→ Instructions for the task: Only one stretch of the records below should be repeated. It starts with the line containing "Kitchen featuring stainless" and goes on through the line containing "Red art silk", exactly as written.

→ Extracted information:
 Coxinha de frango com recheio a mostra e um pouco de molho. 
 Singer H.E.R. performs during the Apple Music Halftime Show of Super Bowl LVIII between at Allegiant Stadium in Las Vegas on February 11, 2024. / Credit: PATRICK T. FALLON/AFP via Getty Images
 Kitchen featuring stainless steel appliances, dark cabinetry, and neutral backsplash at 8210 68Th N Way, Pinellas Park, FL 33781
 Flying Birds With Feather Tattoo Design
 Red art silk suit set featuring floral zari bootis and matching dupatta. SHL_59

--

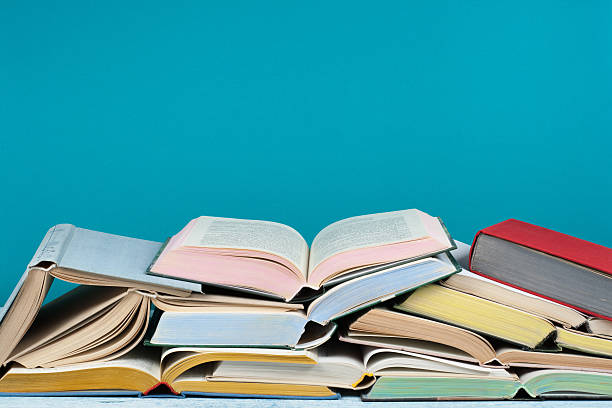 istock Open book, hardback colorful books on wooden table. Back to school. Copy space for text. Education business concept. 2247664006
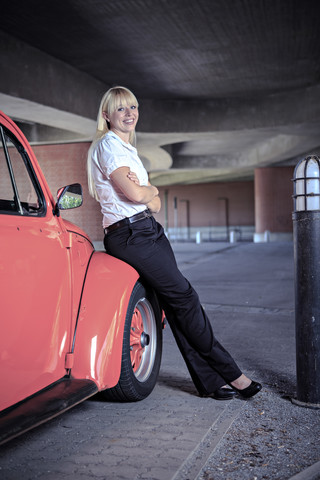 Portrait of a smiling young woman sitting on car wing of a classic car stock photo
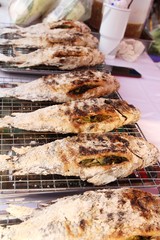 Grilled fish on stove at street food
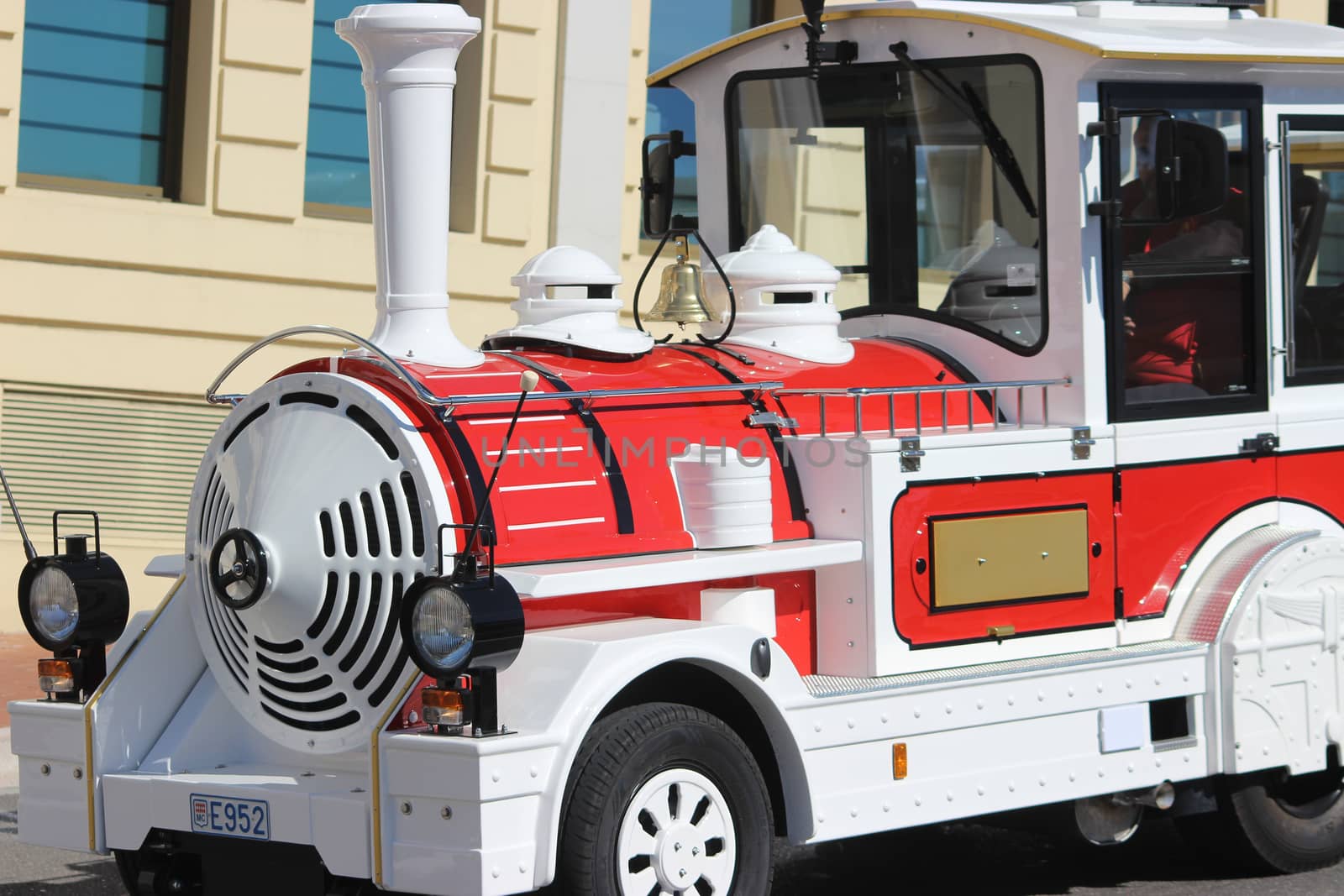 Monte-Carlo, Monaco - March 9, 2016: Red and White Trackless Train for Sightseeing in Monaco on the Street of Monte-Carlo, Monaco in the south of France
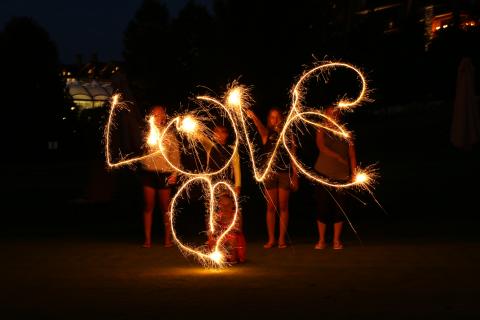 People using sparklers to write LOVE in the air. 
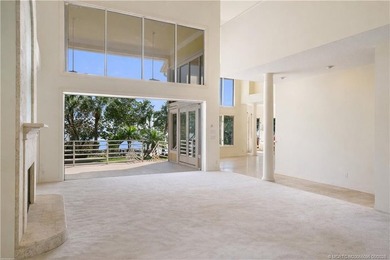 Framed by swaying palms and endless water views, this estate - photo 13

→ Output for this exercise:
 Kitchen featuring stainless steel appliances, dark cabinetry, and neutral backsplash at 8210 68Th N Way, Pinellas Park, FL 33781
 Flying Birds With Feather Tattoo Design
 Red art silk suit set featuring floral zari bootis and matching dupatta. SHL_59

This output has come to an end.